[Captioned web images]
■ ■ ■ ■

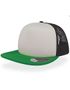 couleur Black / Green / White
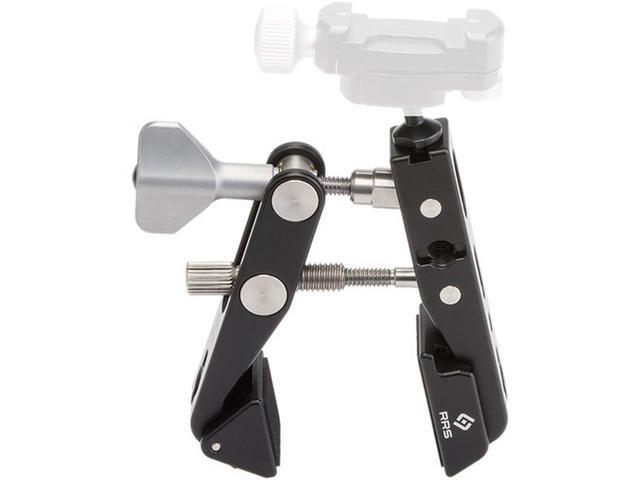 Really Right Stuff Multi-Clamp with Flat-Surface Adapters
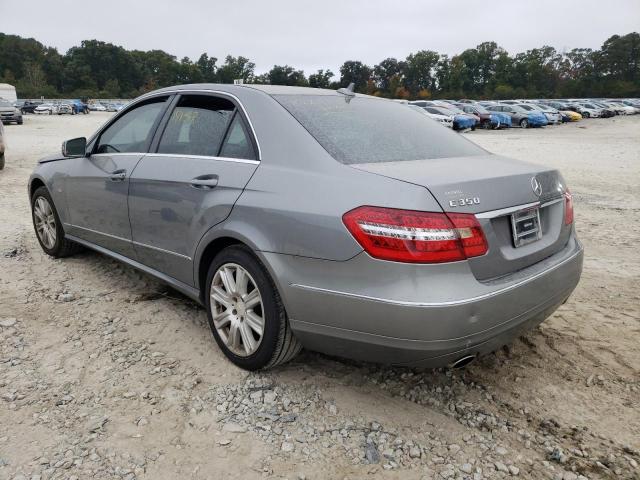 Photo 3 from auction – 2012 MERCEDES-BENZ E 350 with VIN WDDHF5KB5CA523774
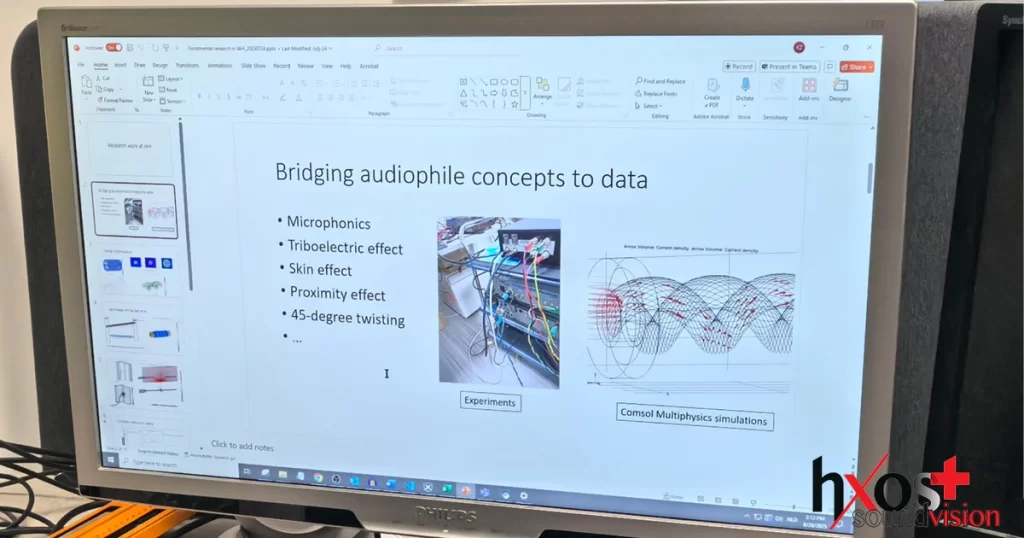 Αποστολή στην Siltech: Η επιστήμη πίσω από τα καλώδια ή the last meter of the last mile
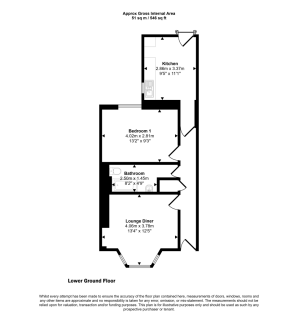 Flat A, 6 Saltram Crescent, London, W9 3HP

■ ■ ■ ■

• **WORK INSTRUCTIONS**
Exact copy, no pictures: reproduce every record above.

• **OUTPUT BELOW**
 couleur Black / Green / White
 Really Right Stuff Multi-Clamp with Flat-Surface Adapters
 Photo 3 from auction – 2012 MERCEDES-BENZ E 350 with VIN WDDHF5KB5CA523774
 Αποστολή στην Siltech: Η επιστήμη πίσω από τα καλώδια ή the last meter of the last mile
 Flat A, 6 Saltram Crescent, London, W9 3HP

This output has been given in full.